This is my first cuda project. The following kernel code gives me a large number of warnings like:
/tmp/tmpxft_00004159_00000000-7_cvhaar_kernel.cpp3.i(270): Advisory: Cannot tell what pointer points to, assuming global memory space
(though yes indeed I keep using the global memory,) and then
nvcc error : ‘ptxas’ died due to signal 11 (Invalid memory reference)
make: *** [cvhaar_kernel.o] Error 255
I tried changing to shorter structure names but that didn’t help. Anybody has any insight on the possible bugs in my code or it might be a nvcc bug?
I use CentOS 5 64bit, cuda 2.0. I didn’t post the complete code because it’s a bit long and also you need to compile with opencv library installed. But don’t hesitate to ask for the codes. Thank you!

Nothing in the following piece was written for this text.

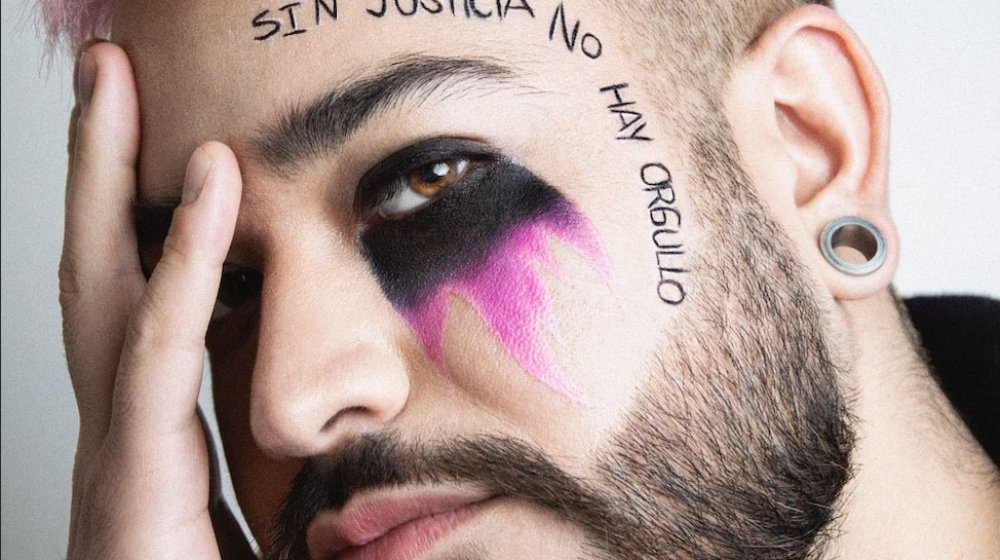 Disidencias sexuales y cantantes chilenas se toman los escenarios presenciales de Matucana 100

#define calc_sum(rect,offset) \
  ((rect).p0[offset] - (rect).p1[offset] - (rect).p2[offset] + (rect).p3[offset])
__device__ double
Eval( Cl* classifier, double factor, size_t p_offset )
{
int idx;
idx= 0;
do
{
N* node;
node = classifier->node + idx;
double t;
t = node->threshold * factor;
double sum;
sum = calc_sum(node->feature.rect[0],p_offset) * node->feature.rect[0].weight;
sum += calc_sum(node->feature.rect[1],p_offset) * node->feature.rect[1].weight;
if( node->feature.rect[2].p0 )
sum += calc_sum(node->feature.rect[2],p_offset) * node->feature.rect[2].weight;
idx = sum < t ? node->left : node->right;
}
while( idx > 0 );
return classifier->alpha[-idx];
}
__device__ int Run( Ca* _cascade,
CvPoint pt, int start )
{
int result;
result = -1;
int p_offset, pq_offset;
int i, j;
double mean, factor;
H* cascade;
cascade = _cascade->hid;
if( pt.x < 0 || pt.y < 0 ||
pt.x + _cascade->real.width >= cascade->sum.width-2 ||
pt.y + _cascade->real.height >= cascade->sum.height-2 )
// EXIT;
return -1;
p_offset = pt.y * (cascade->sum.step/sizeof(sumtype)) + pt.x;
pq_offset = pt.y * (cascade->sqsum.step/sizeof(sqsumtype)) + pt.x;
mean = calc_sum(*cascade,p_offset)*cascade->inv;
factor = cascade->pq0[pq_offset] - cascade->pq1[pq_offset] -
cascade->pq2[pq_offset] + cascade->pq3[pq_offset];
factor = factor*cascade->inv - mean*mean;
if( factor >= 0. )
factor = sqrt(factor);
else
factor = 1.;
if( cascade->is)
{
S* ptr;
//assert( start_stage == 0 );
result = 1;
ptr = cascade->stage;
//if(ptr)
while( ptr )
{
double stage_sum;
stage_sum = 0;
for( j = 0; j < ptr->count; j++ )
{
stage_sum += Eval( ptr->classifier + j, factor, p_offset );
}
if( stage_sum >= ptr->threshold )
{
ptr = ptr->child;
}
else
{
while( ptr && ptr->next == NULL ) ptr = ptr->parent;
if( ptr == NULL )
{
result = 0;
return result;
}
ptr = ptr->next;
}
}
}
result = 1;
return result;
}